Quizá por eso a él también le gustan los escritores que hablan, no porque
escriban coloquialmente sino porque tienen una poderosa voz despreocupada del
estilo, a veces profética y a veces desgarrada, que cuenta vida y la transmite.
Así que no es de extrañar su rendida admiración por Jane Austen y, no tan
desaforadamente, por Emily Brontë; por Tolstoi y, sobre todo, Dostoievsky; por
Hermann Melville y por H. G. Wells. Pero también tiene en gran estima a un
Joyce que aún no había publicado el Ulises en Inglaterra, pero sí en Francia,
en la Shakespeare & Co., y Forster lo había leído como a fin de cuentas hay
que leerlo, como una pieza realista que trata de hurgar sin límites en lo que
está vivo, y que no se arma con artificiosos argumentos sino con el ritmo que
le imprimen sus alusiones homéricas; he leído bastante crítica sobre el
Ulises, y ninguna va más allá de estas sencillas apreciaciones de novelista. Y
es muy respetuoso con Thomas Hardy, acaso demasiado poeta para él, pero se ríe
sin rebozo (y en un alarde de humor por lo bajinis) del pesado de Henry James,
o pone como un trapo al bueno de Walter Scott, aunque no sé por qué le critica
que trabaje con cabos sueltos, esa
garantía de continuidad tan cervantina cuando se escribe sin premeditación; y
sin cometer desfachateces le pone sus peros a Dickens, junto a la oportuna
constatación de sus grandes hallazgos. Sterne, ya lo dijimos, le parece tan mariposeante
como Virginia Woolf.
A
partir de un elenco tan elocuente, Forster examina (utiliza este verbo varias
docenas de veces, y luego resulta que no examina nada, que sobrevuela, menos
mal) los distintos temas que pueden interesar en la construcción de una novela:
la historia, los personajes, el argumento, la fantasía, la forma o el ritmo.
Pero la idea es una sola repartida en facetas.
Forster
es, por ejemplo, un paladín del narrador omnisciente.
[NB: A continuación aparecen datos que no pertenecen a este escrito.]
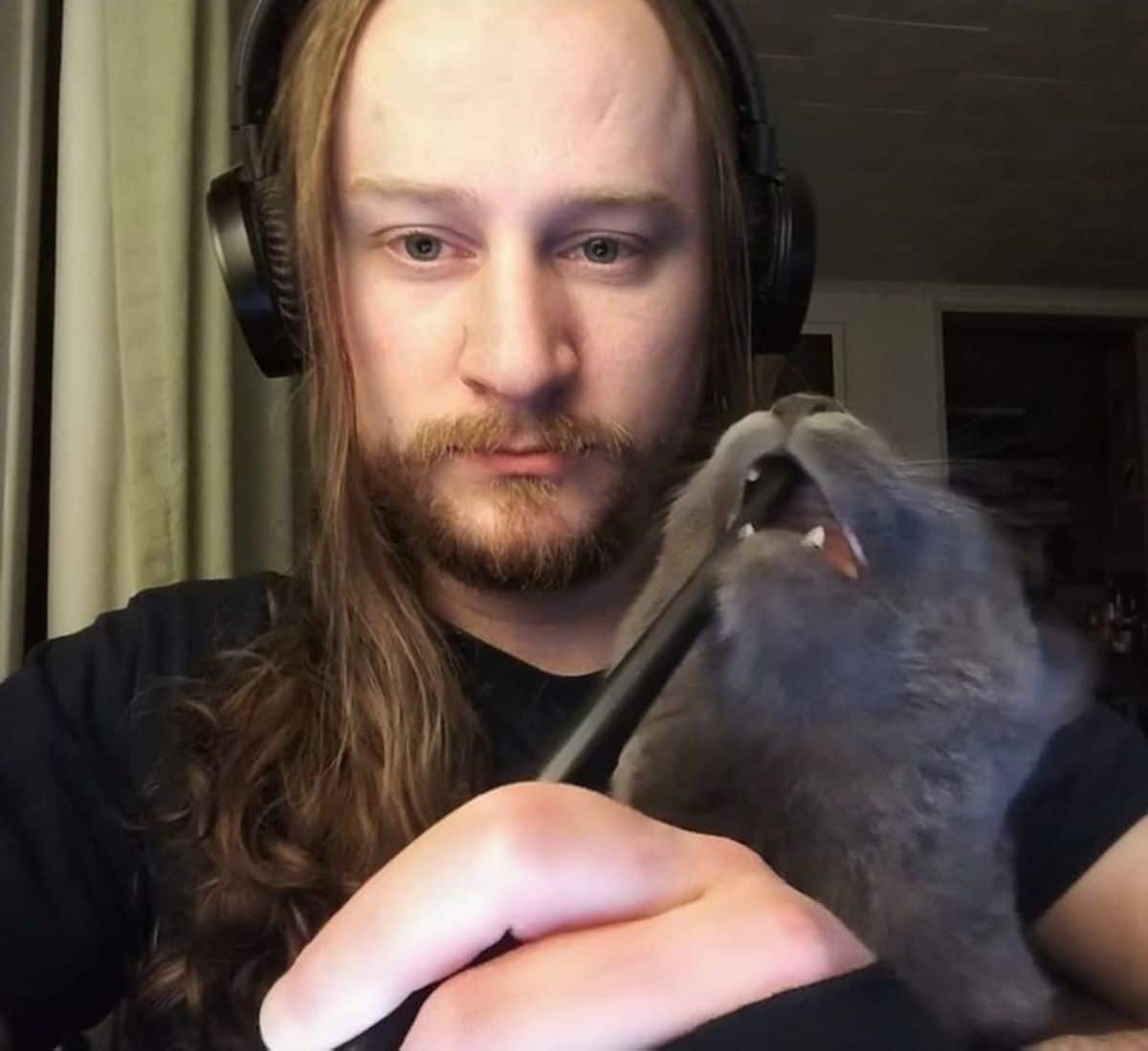 man holding a paint brush with the other end inside the mouth of a grey cat sitting on his lap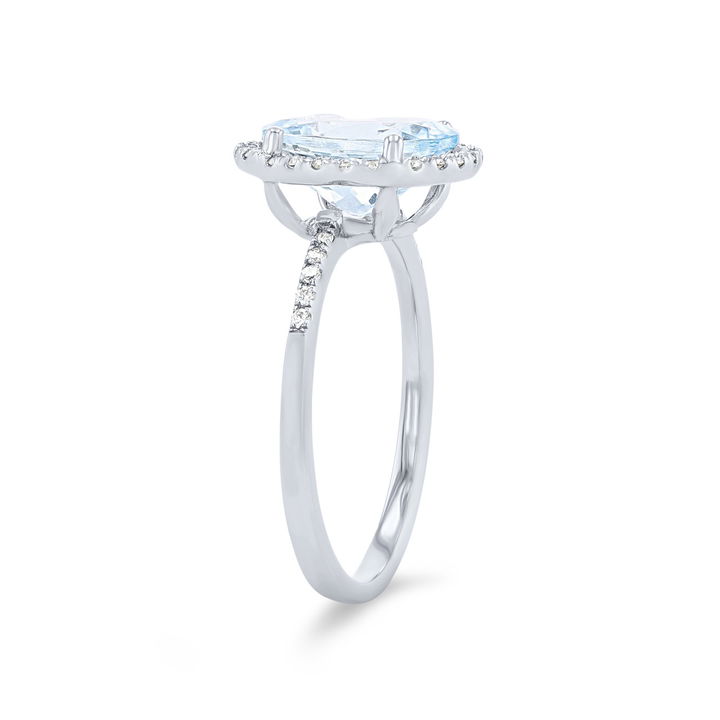 Oval Aquamarine and Diamond Halo Ring In White Gold 14K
Una vez lo dijo Cela y es
verdad: escribir en primera persona es demasiado fácil. Eso no significa que en
primera persona no se puedan escribir grandes libros y buenas novelas, pero las
verdaderas dificultades vienen en la tercera persona, y también las grandes
compensaciones. El yoísmo
contemporáneo no deja de ser un refugio de escritores peregrinos. La omnisciencia es más exigente: saberlo todo implica seleccionar por
intuición, que es como juegan los campeones de ajedrez; las computadoras, en
cambio, tienen el vicio de la exhaustividad.
Forster
parece también adelantarse, incluso lo menciona de pasada, a la vampirización
de la novela por parte del cine, y él mismo, hablando del teatro, da la clave: “En
el teatro, toda felicidad y sufrimiento toman obligatoriamente la forma de
acción. De otro modo, su existencia es ignorada; es ésta la gran diferencia
entre el teatro y la novela”. Y todo lo que ello implica, sobre todo el flujo
interno, el poderoso ritmo que alaba en Proust o, por diferentes razones, en
Melville.
Porque
lo principal no es el argumento, que no deja de ser “una obsesión tomada del
teatro”. “Todo lo que se organiza de antemano es falso”, aunque sí se necesita
un cierto grado de sorpresa, una llamada a la curiosidad, pero son los personajes
los que hacen las novelas, y, para ser reales, “deben ir sobre ruedas”, y eso
implica que el narrador los siga, no los pastoree. Al contrario, advierte sobre
las desventajas de la novela rígida: “Puede exteriorizar la atmósfera o surgir
de modo natural del argumento, pero cierra las puertas a la vida y deja al
novelista haciendo ejercicios, generalmente en el salón”, y tampoco vale parapetarse
en el estilo, en la forma, porque “para la mayoría de los lectores de novelas,
la sensación que experimentan ante la forma no es tan intensa que justifique
los sacrificios que cuesta; así que su veredicto es: ‘Hermoso el resultado,
pero no merece la pena.’”
Lo
bueno que hay en este ensayo es que no lo ha escrito el crítico sino el
novelista; o, más bien, que el crítico tiene las limitaciones qu e le impone el
novelista, que siempre se pelea con las mismas cosas y a quien las teorías no
le arreglan las escenas. Por mucho que predique, siempre tiene que escuchar
atentamente al personaje, no al tratado, ni mucho menos al colega de tertulia literaria. Si Virginia Woolf no hubiese hablado tanto de literatura, La señora Dalloway habría sido una buena novela, y si Eduardo Mendoza hubiese dado una lección magistral sobre la picaresca, Una comedia ligera no sería tan divertida.